Ausstellung zu den Quartieren „Port Arthur“ und „Marokko“

 Stadtentwicklung zu Beginn des 20. Jahrhunderts am Beispiel der Viertel „Port Arthur“ und „Marokko“, so lautet der Titel einer Ausstellung, die am 18. Januar um 19 Uhr im Rathaus Bensheim eröffnet wird. Auf 20 Bild- und Texttafeln soll die unterschiedliche Entwicklung und Ausprägung dieser zwei Quartiere aufgezeigt werden.
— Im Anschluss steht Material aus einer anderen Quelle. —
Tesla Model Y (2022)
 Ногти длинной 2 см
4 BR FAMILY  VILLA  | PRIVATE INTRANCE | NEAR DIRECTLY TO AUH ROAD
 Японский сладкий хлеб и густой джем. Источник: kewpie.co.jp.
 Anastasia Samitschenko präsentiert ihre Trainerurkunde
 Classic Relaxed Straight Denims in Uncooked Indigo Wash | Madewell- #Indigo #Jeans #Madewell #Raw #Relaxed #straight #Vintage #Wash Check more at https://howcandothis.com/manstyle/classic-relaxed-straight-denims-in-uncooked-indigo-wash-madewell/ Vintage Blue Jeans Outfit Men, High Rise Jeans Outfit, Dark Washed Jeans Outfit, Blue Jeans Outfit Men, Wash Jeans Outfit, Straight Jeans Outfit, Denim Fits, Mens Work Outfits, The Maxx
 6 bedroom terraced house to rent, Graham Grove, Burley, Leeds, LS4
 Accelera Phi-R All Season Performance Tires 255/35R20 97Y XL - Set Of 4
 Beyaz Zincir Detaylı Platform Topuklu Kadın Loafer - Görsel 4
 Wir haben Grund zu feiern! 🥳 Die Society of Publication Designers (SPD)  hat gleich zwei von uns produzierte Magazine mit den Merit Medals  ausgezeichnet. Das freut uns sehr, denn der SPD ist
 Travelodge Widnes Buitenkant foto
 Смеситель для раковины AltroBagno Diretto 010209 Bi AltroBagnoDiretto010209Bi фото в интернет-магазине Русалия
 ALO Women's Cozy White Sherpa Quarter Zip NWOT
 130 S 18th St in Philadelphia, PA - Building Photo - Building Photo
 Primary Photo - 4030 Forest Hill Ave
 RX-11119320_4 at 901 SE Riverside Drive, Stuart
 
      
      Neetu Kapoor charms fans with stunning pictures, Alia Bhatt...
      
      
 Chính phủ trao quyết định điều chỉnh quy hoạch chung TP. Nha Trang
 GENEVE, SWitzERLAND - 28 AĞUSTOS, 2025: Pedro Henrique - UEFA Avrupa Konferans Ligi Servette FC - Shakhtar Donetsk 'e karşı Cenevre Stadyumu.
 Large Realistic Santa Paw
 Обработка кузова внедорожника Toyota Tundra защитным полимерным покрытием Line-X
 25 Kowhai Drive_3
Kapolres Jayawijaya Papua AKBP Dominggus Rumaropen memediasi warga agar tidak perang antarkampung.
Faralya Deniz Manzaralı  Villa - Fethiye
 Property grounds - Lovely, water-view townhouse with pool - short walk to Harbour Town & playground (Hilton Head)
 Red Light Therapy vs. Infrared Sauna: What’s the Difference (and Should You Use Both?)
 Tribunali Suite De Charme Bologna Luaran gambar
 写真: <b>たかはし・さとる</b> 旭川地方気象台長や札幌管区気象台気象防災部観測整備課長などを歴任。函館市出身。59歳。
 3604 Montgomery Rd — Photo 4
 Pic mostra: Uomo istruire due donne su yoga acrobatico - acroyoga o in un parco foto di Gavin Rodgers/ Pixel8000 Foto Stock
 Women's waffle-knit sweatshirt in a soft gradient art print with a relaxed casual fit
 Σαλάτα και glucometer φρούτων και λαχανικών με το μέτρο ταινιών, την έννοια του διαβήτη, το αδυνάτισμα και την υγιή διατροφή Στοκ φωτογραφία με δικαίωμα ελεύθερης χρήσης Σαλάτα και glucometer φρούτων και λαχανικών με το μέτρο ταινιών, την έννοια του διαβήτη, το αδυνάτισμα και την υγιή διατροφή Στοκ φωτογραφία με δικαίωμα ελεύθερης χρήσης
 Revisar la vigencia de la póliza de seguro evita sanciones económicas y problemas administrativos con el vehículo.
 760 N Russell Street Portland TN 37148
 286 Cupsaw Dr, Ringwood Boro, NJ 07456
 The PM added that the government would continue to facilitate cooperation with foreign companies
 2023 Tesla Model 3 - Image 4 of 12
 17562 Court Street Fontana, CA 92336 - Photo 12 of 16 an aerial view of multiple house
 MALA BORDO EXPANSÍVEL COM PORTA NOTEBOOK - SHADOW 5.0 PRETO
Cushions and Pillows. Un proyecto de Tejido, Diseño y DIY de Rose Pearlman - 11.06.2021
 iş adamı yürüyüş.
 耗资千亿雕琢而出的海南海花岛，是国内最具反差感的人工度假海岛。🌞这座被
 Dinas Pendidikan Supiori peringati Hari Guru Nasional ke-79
Bis Mitte des 19. Jahrhunderts war die Siedlungsfläche Bensheims überwiegend auf die Bereiche von Altstadt und Vorstadt beschränkt. Mit der Inbetriebnahme der „Main-Neckar-Eisenbahn“ im Jahre 1846 wurden die mittelalterlichen Stadtgrenzen überschritten, Bensheim dehnte sich in Richtung Westen aus. Jenseits der Bahnlinie entwickelten sich Anfang des 20. Jahrhundert zwei verschiedene Quartiere: Ab 1905 das Stadtviertel „Port Arthur“ nördlich der Wormser Straße und ab 1925 das „Marokko“ weiter südlich in einem früheren Industriegebiet.

Eingegangen wird auch auf die außergewöhnlichen Namensgebungen, die auf Kriegsereignisse in Fernost und Nordafrika zurückgehen sollen. Neu ist die These einer Herleitung vom Familiennamen „Marokko“, der bis ins 18. Jahrhundert zurück reicht. Die Ausstellung dauert bis zum 18. März.